Data provided »
_ _ _ _

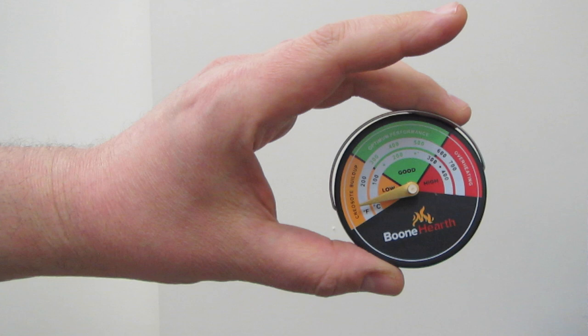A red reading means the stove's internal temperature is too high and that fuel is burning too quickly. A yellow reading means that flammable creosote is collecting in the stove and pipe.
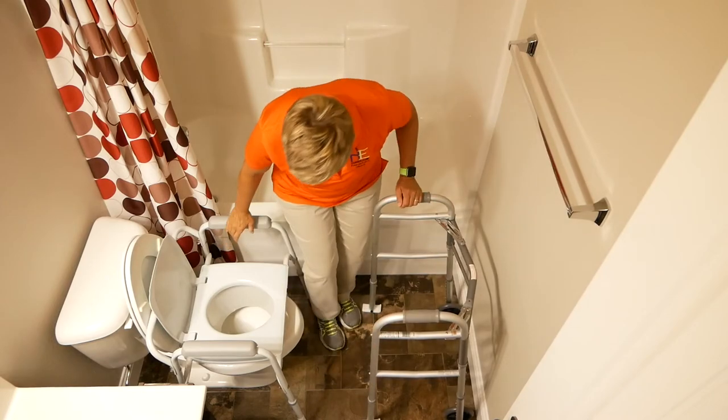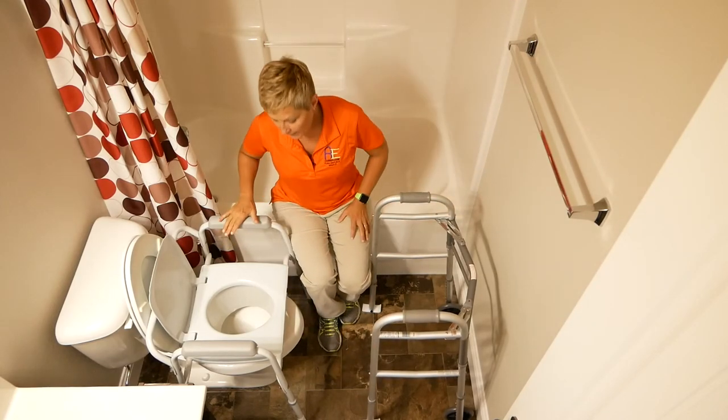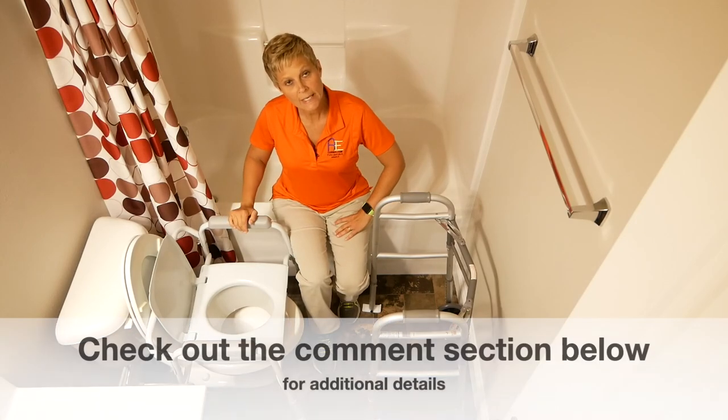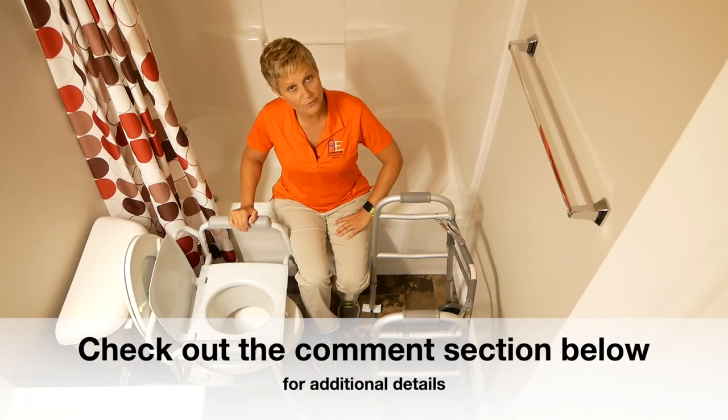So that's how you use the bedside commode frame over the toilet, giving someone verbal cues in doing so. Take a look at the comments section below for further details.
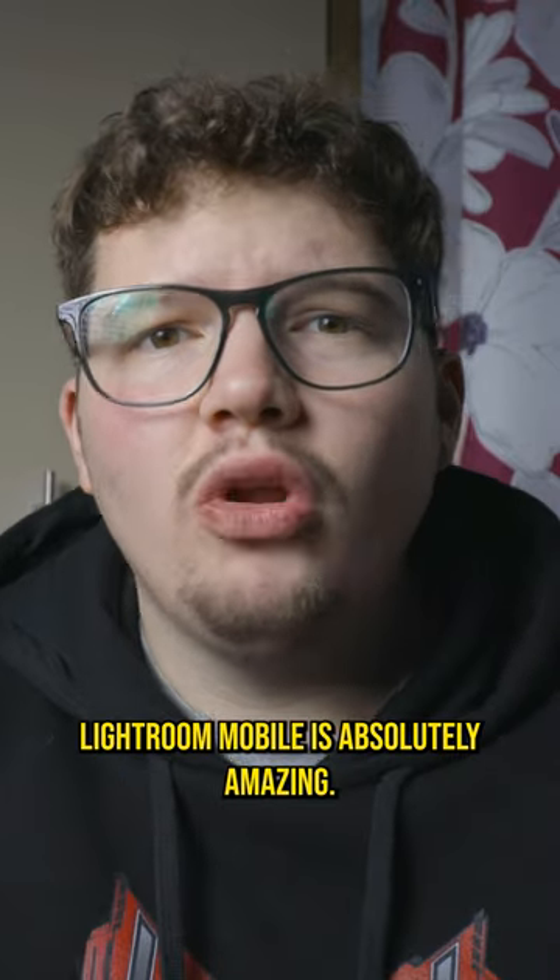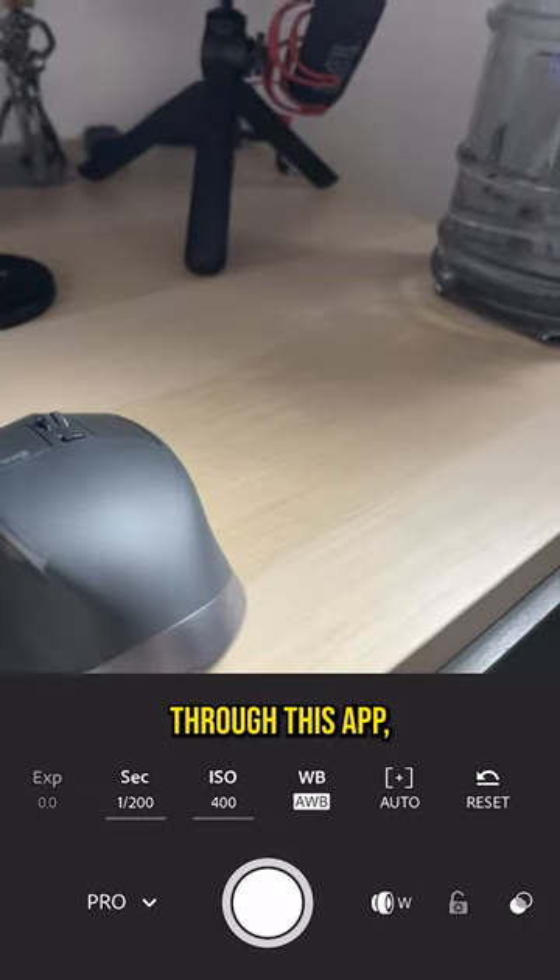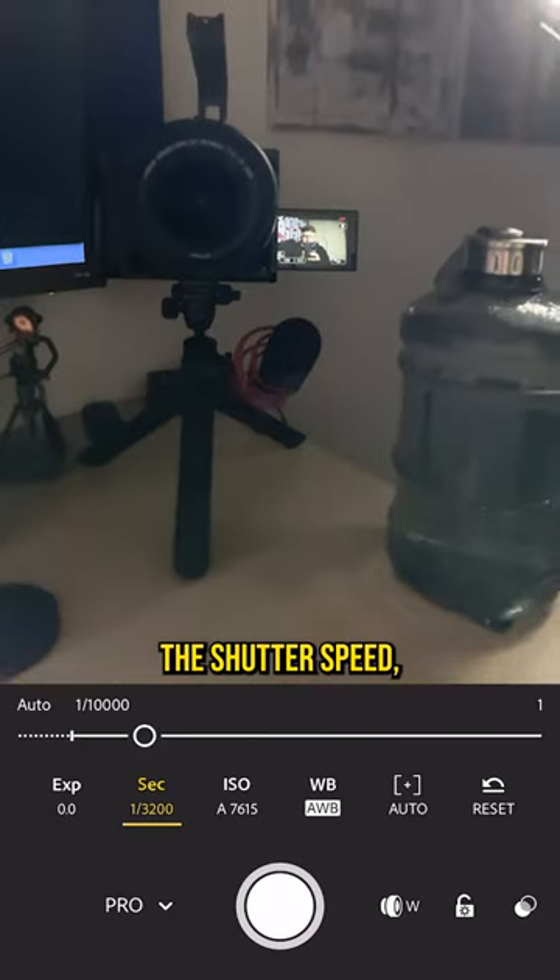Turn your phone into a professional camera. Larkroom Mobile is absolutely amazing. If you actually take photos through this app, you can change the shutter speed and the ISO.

_ _ _ _

Excluding pictures, copy exactly the lines from the line containing "So that's how" through the last line of the data, inclusive.

So that's how you use the bedside commode frame over the toilet, giving someone verbal cues in doing so. Take a look at the comments section below for further details.
Turn your phone into a professional camera. Larkroom Mobile is absolutely amazing. If you actually take photos through this app, you can change the shutter speed and the ISO.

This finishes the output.